Entries supplied:
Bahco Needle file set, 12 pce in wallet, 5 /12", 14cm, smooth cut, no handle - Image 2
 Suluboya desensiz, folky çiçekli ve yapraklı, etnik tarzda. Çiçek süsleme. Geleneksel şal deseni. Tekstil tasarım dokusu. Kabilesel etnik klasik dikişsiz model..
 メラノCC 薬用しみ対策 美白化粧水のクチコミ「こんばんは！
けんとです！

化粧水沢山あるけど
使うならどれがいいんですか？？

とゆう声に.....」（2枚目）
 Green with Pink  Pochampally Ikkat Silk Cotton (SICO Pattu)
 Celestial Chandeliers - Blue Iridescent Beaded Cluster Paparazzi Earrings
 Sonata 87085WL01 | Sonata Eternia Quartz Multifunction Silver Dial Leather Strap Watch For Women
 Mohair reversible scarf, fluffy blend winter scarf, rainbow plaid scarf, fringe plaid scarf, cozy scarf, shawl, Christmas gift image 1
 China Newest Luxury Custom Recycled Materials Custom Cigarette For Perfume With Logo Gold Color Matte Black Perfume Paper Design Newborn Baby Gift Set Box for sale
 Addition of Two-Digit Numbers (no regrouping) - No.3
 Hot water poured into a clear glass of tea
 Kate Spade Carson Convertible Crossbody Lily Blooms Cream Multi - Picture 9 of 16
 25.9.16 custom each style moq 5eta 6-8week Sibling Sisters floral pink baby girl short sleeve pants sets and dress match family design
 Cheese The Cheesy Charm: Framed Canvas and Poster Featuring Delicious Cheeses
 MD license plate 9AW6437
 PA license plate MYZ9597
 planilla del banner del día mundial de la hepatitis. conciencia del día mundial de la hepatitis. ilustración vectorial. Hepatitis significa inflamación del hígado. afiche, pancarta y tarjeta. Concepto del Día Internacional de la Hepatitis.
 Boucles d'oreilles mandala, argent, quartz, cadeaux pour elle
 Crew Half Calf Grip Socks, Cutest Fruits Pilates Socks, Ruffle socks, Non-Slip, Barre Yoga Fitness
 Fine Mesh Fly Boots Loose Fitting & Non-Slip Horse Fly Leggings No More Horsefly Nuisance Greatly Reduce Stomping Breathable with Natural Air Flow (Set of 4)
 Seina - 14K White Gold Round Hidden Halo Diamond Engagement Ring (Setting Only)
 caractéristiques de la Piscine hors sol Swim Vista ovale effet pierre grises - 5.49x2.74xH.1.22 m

Task goal: What belongs in the answer is each line of the listing that contains the word "plate".

Task solution:
 MD license plate 9AW6437
 PA license plate MYZ9597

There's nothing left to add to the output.